A Few of My Favorite Things
Here are a few things that made dealing with Las Vegas worthwhile. I tried to limit it to things that I either had never seen before or was wowed by its implementation. Enjoy!
LG G6 Signature Television
Using what can best be described as voodoo magic, LG has managed to create an Ultra-HD 77-inch OLED television that is just 2.8 mm, or 0.11 inches, thick. How thin is that? The new iPad Pro at 12 inches high is over twice as thick as this 77-inch behemoth. It’s honestly mind-boggling when you see it in person.
The CUBE Digital/Portable Color Reader is every color-blind designer or photographer’s dream. Set it on top of something, click the button, and it immediately sends the color information to your smartphone or laptop, including several major paint brand equivalents. It also includes a plug-in for Photoshop to drop the color directly into your palette.
Xiro Xplorer 2 Drone
The absolutely dead sexiest drone at the show that also includes a 4K camera, 3-axis gimbal, collision avoidance, indoor visual positioning, GPS dual satellite positioning, and real time FPV, all for a projected price point of around $800. My “want” meter went through the roof on this baby.
Lola Headphones by Blue
The Blue Lola Over-Ear Headphones were some of the most comfortable, best sounding headphones I’ve had the pleasure of wearing. Complete disclosure, though, Angelus behind the turntable was spinning some of the greatest music ever by request, so I may be biased. I also learned that nobody can clear a room full of Millennials like Freddy Mercury.
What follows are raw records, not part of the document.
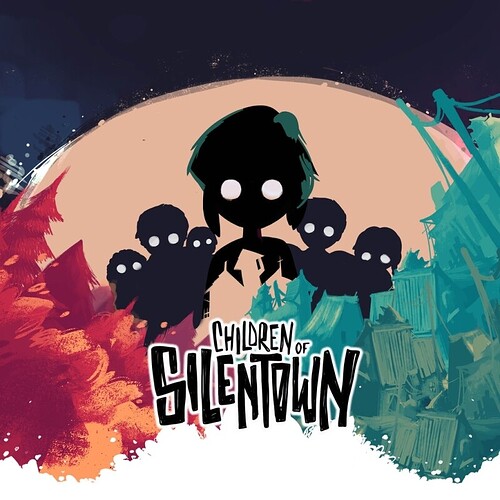 Jogo Children of Silentown - PS4 & PS5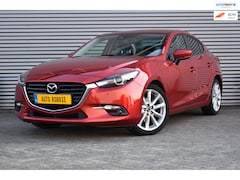 Mazda 3 - 3 2.0 SkyActiv-G 120-PK, Airco, Cruise, Camera, Pdc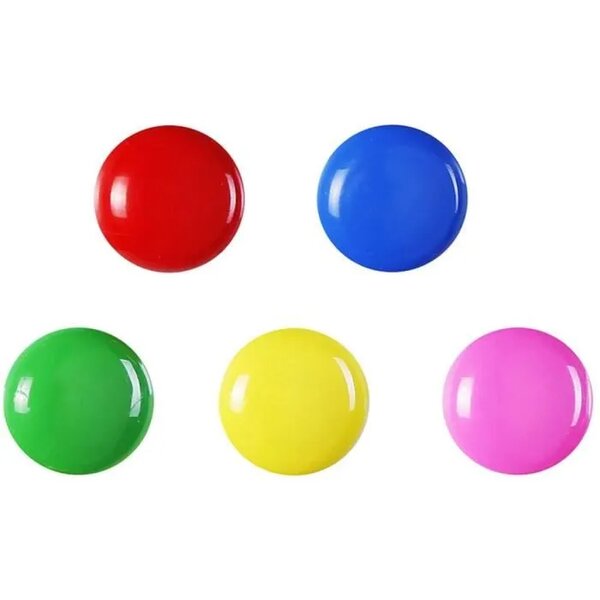 Ballons multicolores pour enfants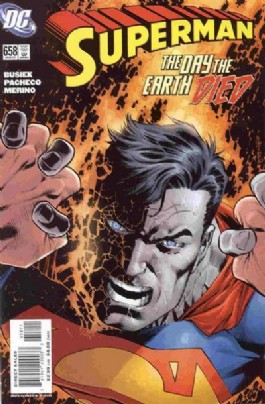 Superman (1st Series) #658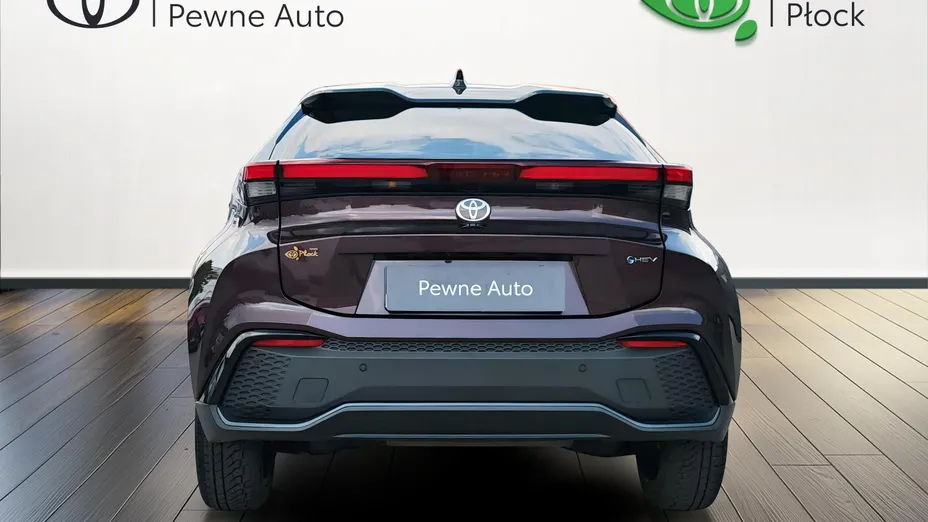 TOYOTA C-HR C-HR 2.0 Hybrid Dynamic Force Executive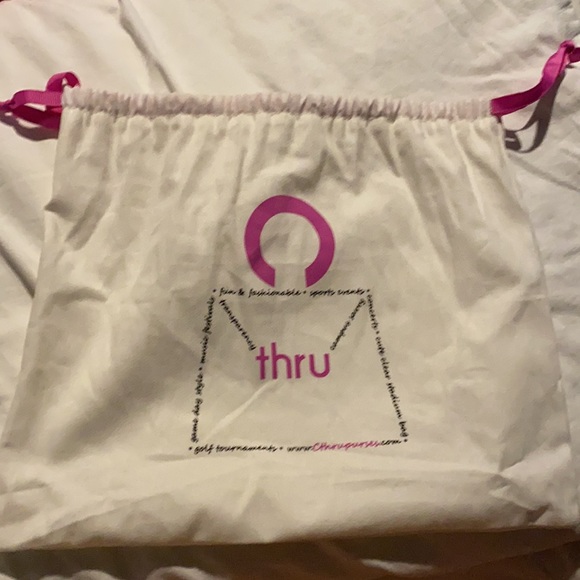 Cthru purse. Made out of PVC. Jelly purse. - Picture 5 of 5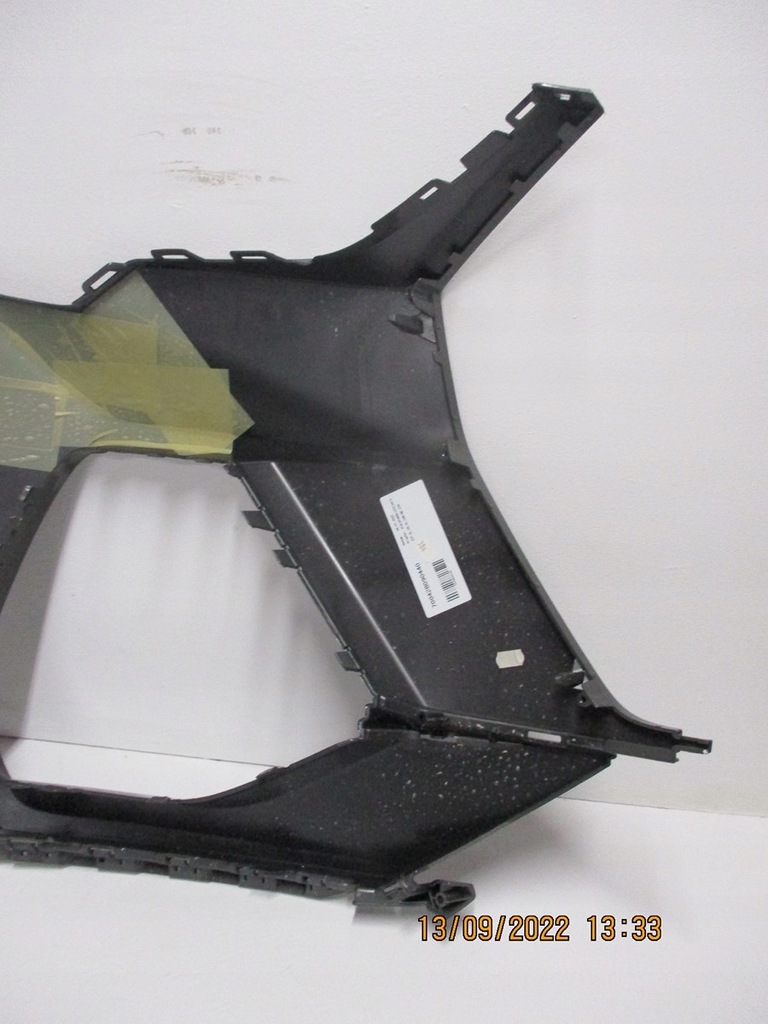 фото №8, Кутик бампера audi q3 83a807438d правий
Retrobit’s Retro Gaming Systems
I mention it last because it technically falls under my “reheated leftovers” category, but who cares when we’re talking video games. The RetroDuo Portable plays NES and SNES cartridges on a portable system that also streams to your television, and the Super RetroTrio playes both of these plus Genesis. Retrobit also supplies a number of retro controllers with USB cables for emulators (purely by coincidence, their NES30 Pro is today’s GeekDad daily deal) and had the single largest bluetooth video game controller ever built where I got to demonstrate my old guy badassery by speed running Super Mario Bros. on a controller the size of a coffee table to a bunch of 20-something onlookers.